Sheila Matthews lost her position on the Northamptonshire County Council when she asked to abstain from voting in cases involving homosexual couples, the Independent newspaper reported on 16 November.
The regional employment judge, John MacMillan, said that the issue "transcends the boundaries of all religion." He also ruled that Matthews should pay the respondents' costs.
The article reported that in her testimony Matthews said: "As a Christian, my faith leads me to believe that marriage between a man and a woman in a faithful monogamous sexual relationship is the most appropriate environment for the upbringing of children."
She explained that she had begun researching the issue in 2004 and had found research with evidence that children placed with homosexual couples did not do as well as those with heterosexual couples. According to the judge her position was based more on scientific grounds than on religious, and for that reason her petition was denied.
Over in Canada the Saskatchewan Court of Appeal ruled that the province's marriage commissioners could not opt out of performing ceremonies for same-sex couples, the National Post reported on 11 January.
The five-member court unanimously rejected both of the government's proposed laws. One proposed allowing all marriage commissioners to refuse to perform civil marriage ceremonies that are contrary to their religious beliefs. The other would have granted the exemption only to those commissioners who held office when same-sex marriage was legalised in November 2004.
Pressure on advertisers
It is not only Christians, however, who run into trouble for their views on homosexuality. A remarkable case of this recently occurred involving an Australian web-based forum, On Line Opinion. Graham Young, the founding editor, explained the situation in a 7 February posting. For 11 years the site has been an open platform for ideas he said.
The future of the site is now under threat because of a campaign to stop advertisers placing their ads, which account for about half of the money needed to run it. This happened after the publication of an article by Bill Muehlenberg opposing same-sex marriage.

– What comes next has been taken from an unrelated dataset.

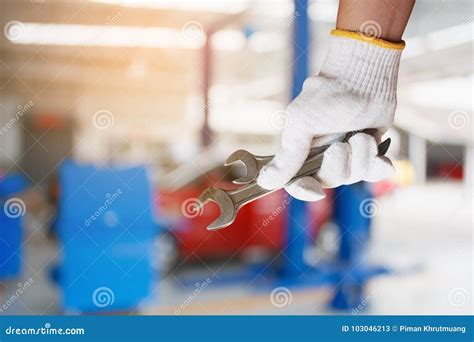 Car Mechanic Holding Wrench At The Car Repair Garage Stock Image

Young said that he had decided to publish a series of articles, from a variety of viewpoints, on the issue of same-sex marriage following calls for the issue to be debated by federal parliament. Muehlenberg's article was well-researched and couched in fairly neutral language, he said.
He added that if people did not agree with the article's opinions then the way to respond is by contributing their own opinions, instead of trying to suppress any contrary ideas.
Muehlenberg's article was published in December. Following a campaign by homosexual activists a number of companies stopped placing ads on the site and the income from ads has dropped to practically zero, said Young.
Christopher Pearson commented on the situation in a 5 February article in the Weekend Australian. He contacted the companies involved and one of the replies received was from the ANZ Bank.
"The removal of our advertising should not be viewed as a violation of free speech; it's simply that we choose not to advertise on blogs that do not align to our organisational values," he was told.
"Oh, brave new world! Apparently anything less than an uncritical endorsement of gay marriage no longer aligns with the ANZ's organisational values," Pearson remarked.
Homosexual activists accuse Christians, and others, who do not agree with them of hating them. This is in spite of repeated explanations that it is not the persons that they oppose, but only their sexual conduct.
In fact, the Catechism of the Catholic Church clearly states: "Deliberate hatred is contrary to charity" (2303). And when it comes to homosexuality the Catechism urges that people with homosexual tendencies "must be accepted with respect, compassion, and sensitivity" (2358).
At the same time, the practice of homosexual behaviour is not accepted by the Catholic Church, nor by many other Christian churches and communities.
Increasingly, the rights of homosexuals are trumping the right to carry out what believers feel called to do. If religious freedom is to be real it needs to allow people to act according to their conscience.